Wall Street's late afternoon nosedive Tuesday was tied in part to heavy volume of brokerages calling in the margins extended to leveraged traders. For investors, buying on margin allows them to buy securities without having to put up all of the money themselves. But when stocks take a dive and brokers call in this borrowed money, or margin, investors are required to pony up extra money or sell some of their stock to cover the losses.
No one factor was attributed to Tuesday's wild selling, but experts said that margin calls helped build on the market's downward momentum.
"Margin calls tend to precipitate a sell-off, and you've got to figure that part of this action today was due to the initial thrust of the margin calls' feeding the selling," said Vince Farrell, chief investment officer at Spears Benzak Salomon & Farrell.
At one point Tuesday, the Dow Jones industrial average fell nearly 500 points before recovering to narrow the loss to about 46 points, while the technology-heavy Nasdaq composite index clawed back from a loss of more than 570 points to finish the day down 73 points. Experts said that as people received margin calls throughout the day, some panic selling ensued.
"There are a lot of people who are tremendously overextended and we're now getting down to a level to where these margin calls are massive," William Sullivan, a senior vice president and economist with Morgan Stanley Dean Witter, said at the height of Tuesday's sell-off. "The calls are going out right now."
Depending on the brokerage, investors may be able to borrow an amount equal to the value of the securities they hold. Each brokerage sets a minimum equity requirement, below which an investor's account cannot drop. If the equity level does dip beneath a certain point, the brokerage can place a margin call.
Regulators at the Securities and Exchange Commission have expressed concern about the practice of buying on margin, saying it can create a bubble in the market.
Several brokerages said Tuesday they were seeing an increase in margin calls to their leveraged clients.
"When the market goes down dramatically, you're going to have more margin calls, and this is definitely one of the higher days," said Mike Dunn, a spokesman for Datek Online Holdings Corp.
He said "well under a quarter" of the firm's nearly half-million customers have margin accounts. "Some days are in the hundreds; others in the thousands," he said of the number of calls that go out.
Another discount brokerage, DLJ Direct (DLJ: Research, Estimates), also said it was seeing an increase in margin calls. Firm spokeswoman Linda Finnerty said that like other brokerages DLJ Direct has a list of stocks that cannot be purchased on margin because they are highly volatile.

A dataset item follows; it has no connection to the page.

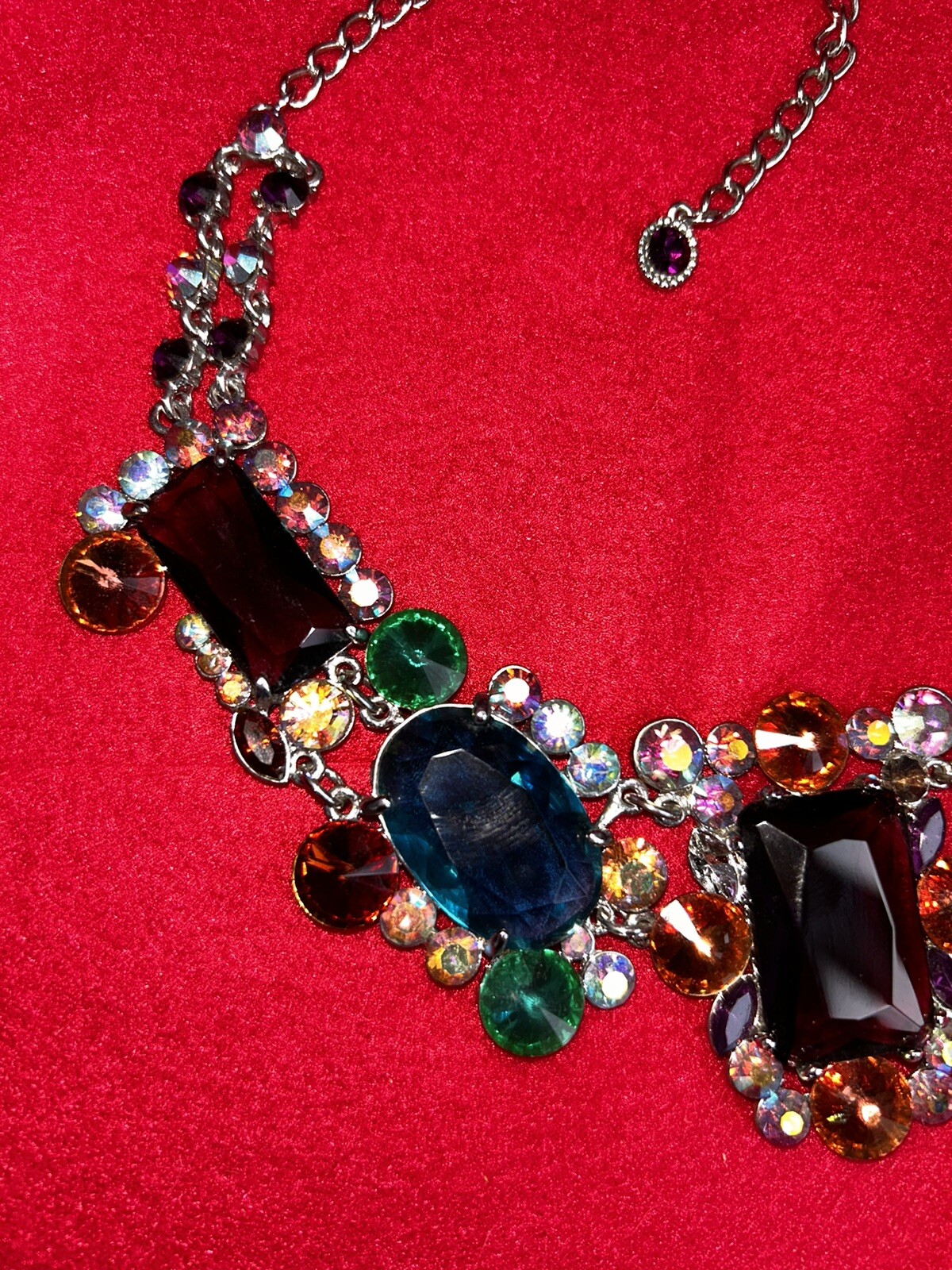 Large Chunk Jewel Adjustable Statement Necklace - image 3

Such stocks include some Internet shares or recent initial public offerings.
"We have a very conservative margin policy," she said.

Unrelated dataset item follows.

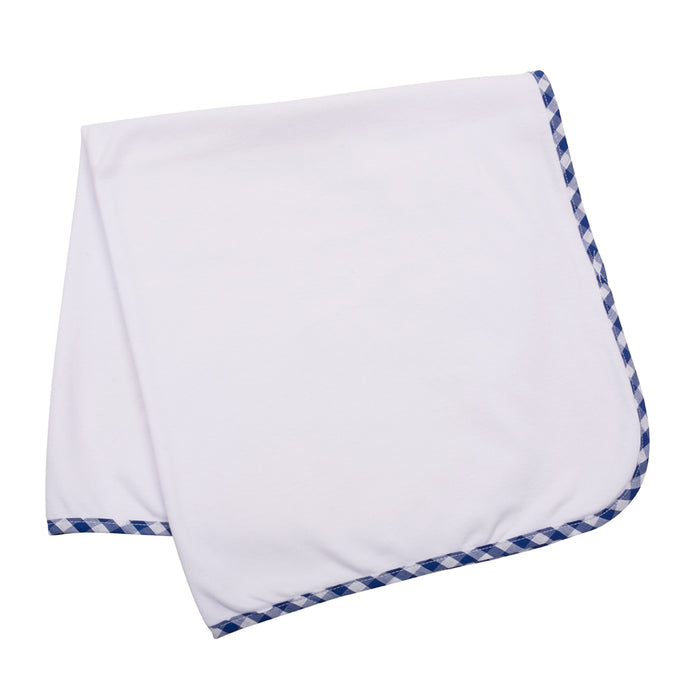 White baby blanket with blue gingham trim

A spokeswoman for Merrill Lynch, Susan Thomson, said that over the past few trading days, "we've seen a slight increase in margin activity."
But "the vast majority of Merrill Lynch clients are capitalized well beyond their margin requirements," she said.
The firm has not made any adjustments to its margin requirements. "We're comfortable in our position and we're going to have to see what tomorrow brings," she said.
Meanwhile, shares of brokerage firms including Charles Schwab (SCH: Research, Estimates), the leading online broker, slipped 7-5/16 to 49-5/8 on the day, and E*Trade Group Inc. (EGRP: Research, Estimates) lost 3-1/16 to 24-3/8 amid investor jitters that brokerages could be saddled with losses from investors who fail to repay their loans.
For some investors who buy on margin, especially inexperienced traders, this wild trading may mark the first time they've seen the downside of leveraged buying, experts said.
"The margin debt situation speaks to the effect of where people who bought in on margin expected stocks to go only one way - up," said Joe Battipaglia, chief market strategist at Gruntal & Co. "When the market starts to sell off, those are the people that are affected the most."